The NTSB investigator-in-charge, Joseph Sedor, said that the crew had illuminated signs, blue taxiway lights, runway markings, barricades and a very dark forward view instead of the well-lighted runway they should have expected. And there were no indications that the crew thought they were in the wrong place.
In fact, a minute after the plane began taxiing out, "the crew engaged in 40 seconds of non-pertinent conversation," he said. Then, as the plane waited for 50 seconds before turning to take off, the crew had multiple cues they were in the wrong place.
"There is not one single bit of information that the staff looked at that could have caused this accident, except for the non-pertinent conversation," Sedor said.
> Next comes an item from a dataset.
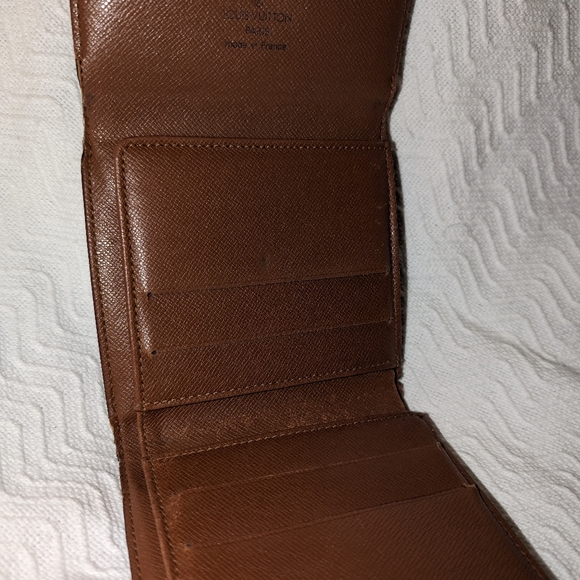 Small Louis Vuitton Monogram Trifold Wallet - Picture 3 of 6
The safety board began the afternoon with a discussion of the air-traffic control tower. Only one controller was on duty the morning of the crash, even though FAA rules said there should have been two. The air traffic controller had two opportunities to possibly avert the accident, said Bill Bramble, senior human performance investigator.
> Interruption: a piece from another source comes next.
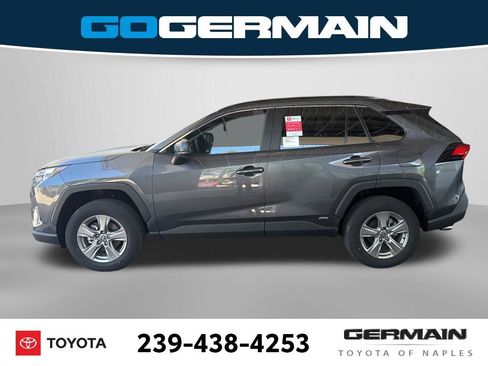 Used 2025 Toyota RAV4 LE AWD/4WD image 3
The pilots stopped the airplane short of the general aviation runway for 50 seconds, Bramble said. The controller then had an opportunity to stop the airplane during the 28 seconds it took the airplane to reach take-off speed, he said.
Still, "it is unlikely a second controller assigned to the tower position would have detected the wrong runway takeoff," Bramble said.
"This decision did not contribute to the circumstances of the accident."
Hersman disagreed with Bramble. She said the board didn't have enough information to say whether a second controller would have helped.
"We don't know if it made a difference or not," Hersman said. "There are too many moving parts in this."
The board talked at length about the controller who was on duty, Christopher Damron, and whether his inattention contributed to the crash. The controller told investigators that he cleared the plane for takeoff, then turned his back to perform an administrative task.
Some members of the board said tending to that administrative task instead of monitoring the safety of the plane was a judgment error.
The NTSB already has made several recommendations to the FAA as a result of the Lexington crash, including that the FAA order commercial airlines to require pilots to cross-check their instruments to ensure that they're taking off from the correct runway; and that the FAA require airlines with scheduled commercial service to provide specific guidance to pilots for runway lighting requirements at night.
In a later series of recommendations, the NTSB called on the FAA and the National Air Traffic Controllers Association to change scheduling policies and to increase awareness of the dangers of sleep deprivation among controllers.
The NTSB also recommended that controllers receive annual training.